Десмон находил жизнь прекрасной и даже немножко растолстел. Он проявлял свою агрессивность, лишь когда Ангел на его предложение посетить «сногсшибательную англичанку, порочную до мозга костей», или «индийского принца и его дворец опиумных грёз» отвечал категорическим отказом или соглашался с плохо скрытым презрением. Десмон совсем перестал понимать Ангела, но Ангел платил, и платил щедрее, чем в самые лучшие дни их бурной юности. Однажды ночью они опять встретили светловолосую Малышку у её подруги, невыразительное имя которой почему-то ни у кого не удерживалось в памяти: «Эта, как бишь её зовут… да вы знаете… подружка Малышки…»
Подружка курила и от всего сердца угощала окружающих. Её скромное жилище уже с порога встречало гостей сложным ароматом газовой горелки и остывшего опиумного дыма. Она притягивала сердца слезливой сердечностью и своей постоянной готовностью предаться грусти, что было вовсе не так уж и безобидно. Десмона она называла «большим отчаявшимся ребёнком», а Ангела – «красавцем, у которого есть всё, но который от этого только ещё несчастнее». Но Ангел опиума не курил, на коробку с кокаином смотрел с явным отвращением, точно кот, которому хотят поставить клистир, и однажды целую ночь просидел на циновке, прислонясь к стенке, между заснувшим Десмоном и Подружкой, которая беспрерывно курила. Всю эту ночь он с благоразумным видом вдыхал запах, который заглушает голод и жажду, и казался совершенно счастливым, частенько бросая пристальный вопрошающий взгляд на увядшую шею Подружки, красноватую и пористую, где поблёскивало ожерелье из фальшивых жемчужин.

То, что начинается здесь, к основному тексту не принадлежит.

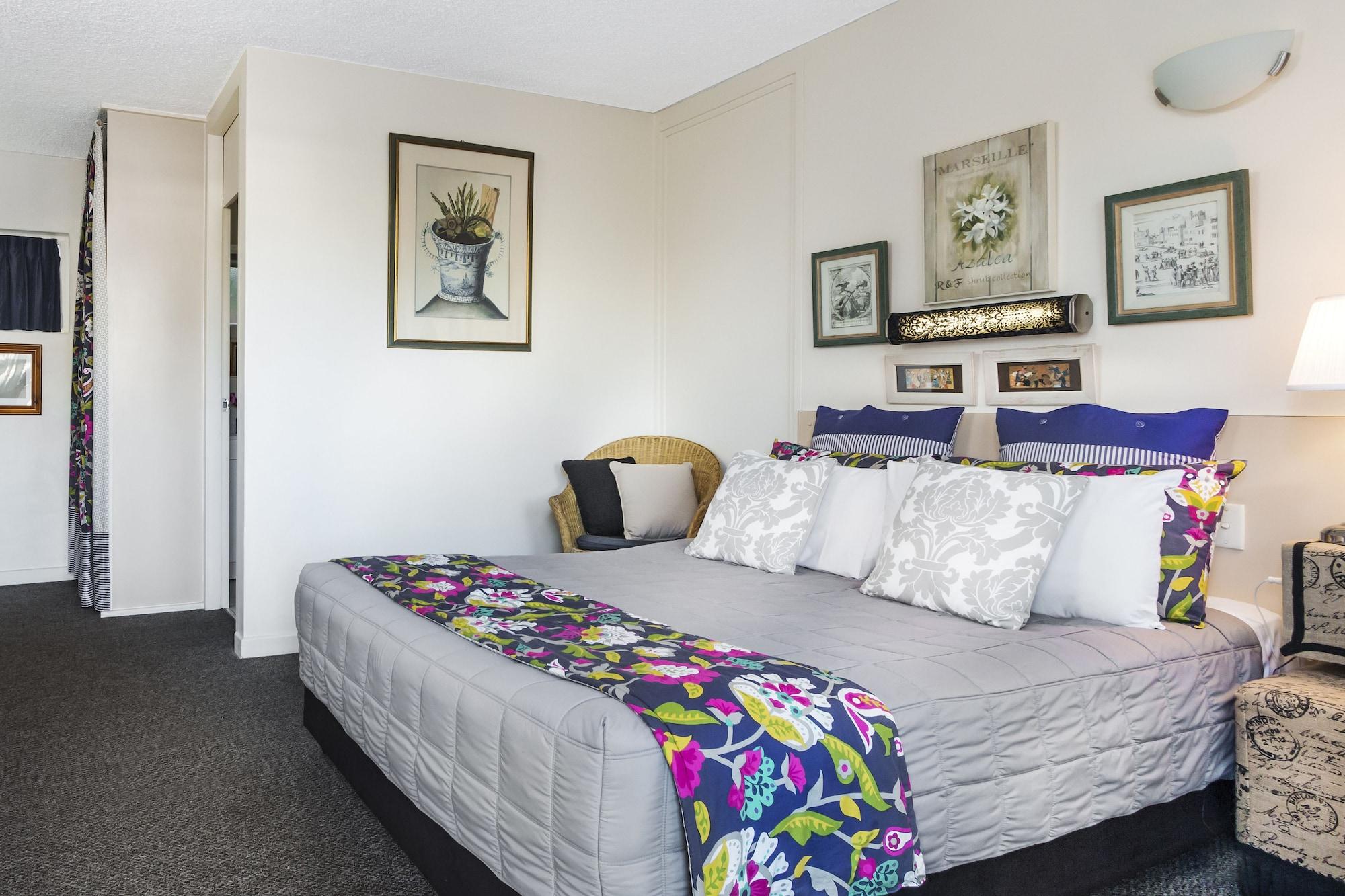 Airport Riverview Motel 3*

В какой-то момент Ангел протянул руку, погладил кончиками пальцев подкрашенные хной волосы на затылке Подружки и взвесил в руке большие жемчужины, полные и лёгкие, потом сразу отдёрнул руку и нервно вздрогнул, словно случайно зацепил ногтем расползающийся шёлк. Вскоре после этого он встал и ушёл.
– Тебе ещё не надоело есть и пить по забегаловкам? – спросил как-то Десмон у Ангела. – Женщинами ты вроде не интересуешься. А эта гостиница, где то и дело хлопают двери? И ночные рестораны? И зачем только мы колесим из Парижа в Руан, из Парижа в Компьень, из Парижа в Виль д'Авре… Почему бы нам с тобой не махнуть на Ривьеру? Говорят, в декабре и январе там делать нечего, но зато март и апрель – как раз самый шикарный сезон…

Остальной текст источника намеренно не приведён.